I think that someday the whole world will be run by electrickery.
—Woody Guthrie (Folk Icon)
It isn’t often that an author has a chance to revise a book that has been in print for over twenty years. Happily, I have that opportunity here. The timing is propitious: Most of the house styles considered in my guide were popular for a generation—twenty to twenty-five years. So what has changed in the last twenty-five years?
If one peruses so-called shelter magazines, there is a plethora of commodious houses with “professional” chef kitchens, three car garages, and bathrooms that resemble spas with amazing accommodation for self-indulgence. There are now voluminous “great rooms” and “media rooms”—“smart homes” with electronic gadgetry unimagined by Edison or even Tesla a hundred years ago. Presumably, all of these components are incorporated into structures that accommodate the fantasies—or perceived necessities—of the aspiring homeowners. The culture of excess is still evident in America today.
But nothing is ever that simple. We have all become environmentally conscious and support a world of recycling and energy efficiency. Transfer stations have replaced the town dump in rural America. Many share an ongoing goal to get “off the grid” and aspire to LEED certification (Leadership in Energy and Environmental Design). This is the seal of approval for sustainable building practices. We drive more cars with plug-in capacity and have photovoltaic solar collectors on our houses. “Big Oil” is considered anathema to many and we aim to heat our houses with geothermal heat exchangers.
My hope expressed at the end of the first edition was that we would see more focus on regional styles that were unpretentious and understated. Indeed, the Pueblo style is still evident in the southwest. New England barns and vernacular farmhouses still serve as prototypes for many new houses and rustic mountain houses are popular—whether modest in scale or extravagant mansions. In this edition, I have added a twelfth chapter in which I will discuss contemporary regionalism in more detail.
I like to think that in my practice I followed my own advice. Ten years ago, my wife, Liddy, and I built our house in the Litchfield Hills of northwestern Connecticut. We named it Rathedon. I am often asked, “What style is it?” I tend to reply that I like to think that it simply “has style” rather than being an example of one or another particular style. This is consistent with my belief expressed on the last page of Chapter 11 that houses should “live comfortably with their surroundings, [be] courteous to their neighbors, and [be] deferential to the environment.” I am gratified whenever I see similar efforts around the country.
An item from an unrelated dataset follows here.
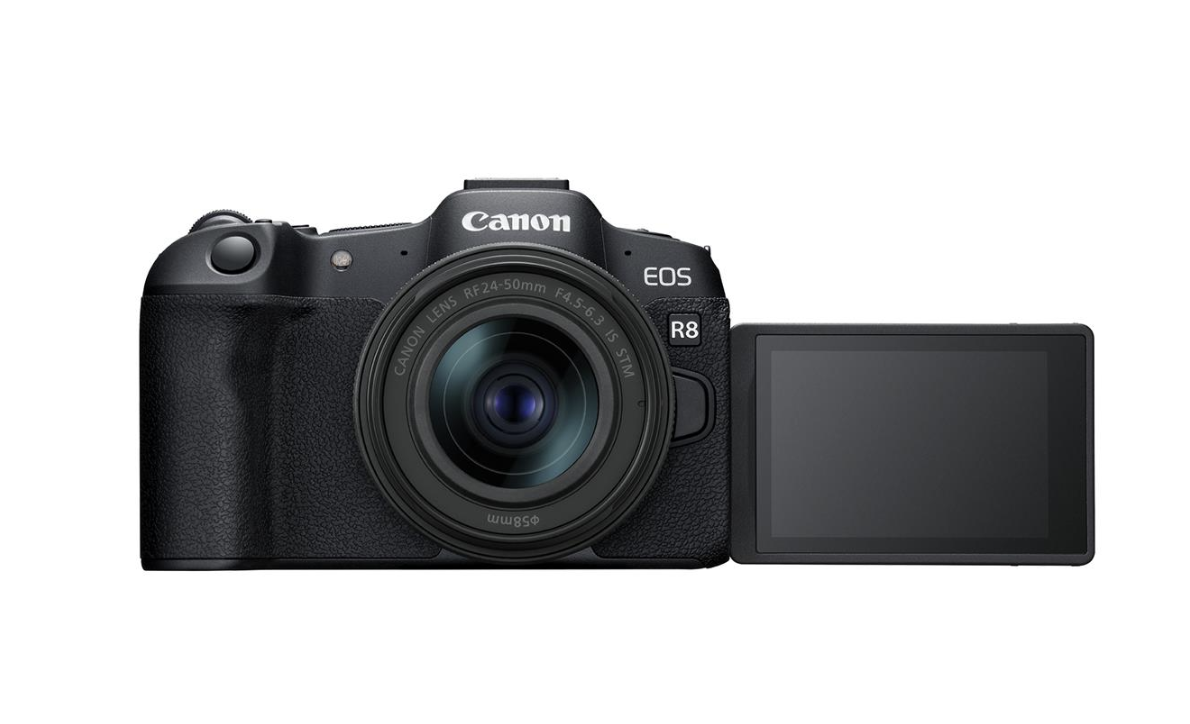 Canon EOS R8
In our own project, we began with an articulated floor plan that takes advantage of our distant southern views and an interesting outcrop that we integrated into our garden. The southwesterly summer breezes are welcome while we enjoy our screened porch. The design is an amalgamation of three-dimensional forms that emerge from the logical organization of the floor plan. The character derives from familiar gabled shapes echoing regional vernacular structures.
The massing of the whole is an inevitable expression of the interior spaces, all secured visually to the site by the substantive chimney mass. The chimney is not unlike the great central chimneys of the early New England colonial houses. Thus, it is not idly that I reiterate my conviction that “there should always be a place in our communities for comfortable, livable houses that express the character of the region, the site, and the people who live in them.”
South Kent, CT
2018
An early sketch of Rathedon.
The ground floor has a screened porch, living room, family room, dining room, kitchen, office, bedroom, and mud room.
Rathedon as it appeared in 2017. This photograph was taken a decade after completion.
The second floor has three bedrooms and my studio/office above the living room.